My wife is an avid gamer and every so often I build her a gaming computer. The last one used 2ea, 2TB Samsung M.2 SSD's. While it would be nice to say there is never any waiting for games to refresh, there is still some wait. But it's on the order of 1-3 seconds, instead of 10 to 20.

She plays her games at 4K and as many FPS as the 2080 video card will do.

image.jpg
 
Well, finally could not take the Disk usage at 100% any longer on my 2 year old HP 15-f272wm laptop. Got so slow to do anything. Found a nice video that walked me thru it. I did my wife's Dell a while ago with the same 100% disk usage that i could not figure out what was causing it and it was such a breeze to change to SSD on the Dell. What a improvement in speed the SSD did to her laptop. The HP was involved but now it's like brand new!
Most people report boot times are faster. But do videos load faster ?
 
The better M.2 SSD's (looks like a stick of gum) are flat out amazingly fast, with data transfer rates 10x the normal SSD's.

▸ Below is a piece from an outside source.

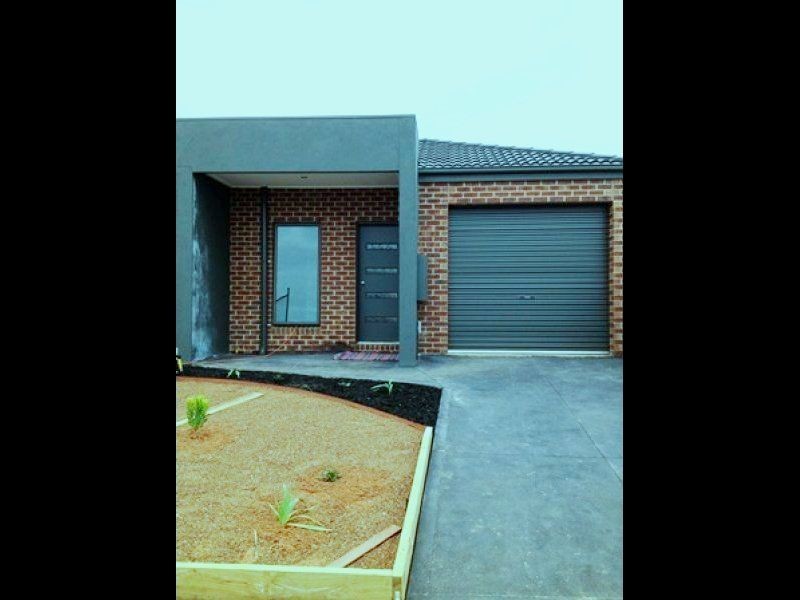 2/43 Greenleaf Circuit, Tarneit VIC 3029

My wife is an avid gamer and every so often I build her a gaming computer. The last one used 2ea, 2TB Samsung M.2 SSD's. While it would be nice to say there is never any waiting for games to refresh, there is still some wait. But it's on the order of 1-3 seconds, instead of 10 to 20.

She plays her games at 4K and as many FPS as the 2080 video card will do.

image.jpg

I'm not sure that those are necessarily hard drive replacements like 2.5" SATA SSDs.

I think my work-issue PC laptop from a few years back had one, in addition to a secondary SATA hard drive. I didn't really use the hard drive for much, but it was part of the whole package.

But some of the newer ones use nonstandard interfaces with the drive controller and flash soldered right on the main board. Those can be crazy fast compared to anything removable.
 
I have a Lenovo with a hybrid drive... hard drive and a small-capacity SSD. Which would I replace? Both? Hard drive? SSD?
 
I have a Lenovo with a hybrid drive... hard drive and a small-capacity SSD. Which would I replace? Both? Hard drive? SSD?
Those had both kinds of storage in one piece which fits in the 2.5 inch drive slot. It doesn't split up. Replace the whole thing with a SSD large enough for the whole capacity in SSD.
 
Most people report boot times are faster. But do videos load faster ?

Yes, SSDs significantly decreases load times for everything compared to an HDD. I have laptops at work from 2014 that, after an SSD upgrade, they still use that same 2014 laptop without the annoying slowdowns you get from an HDD over time as it gets filled up.
 
Yes, SSDs significantly decreases load times for everything compared to an HDD. I have laptops at work from 2014 that, after an SSD upgrade, they still use that same 2014 laptop without the annoying slowdowns you get from an HDD over time as it gets filled up.

There are other benefits. Especially if there's inadequate memory and it goes to the drive as a RAM replacement. It's not ideal, but it certainly helps if one won't/can't increase the memory. If it has to go to a rotational drive for that, it's going to be ridiculously slow.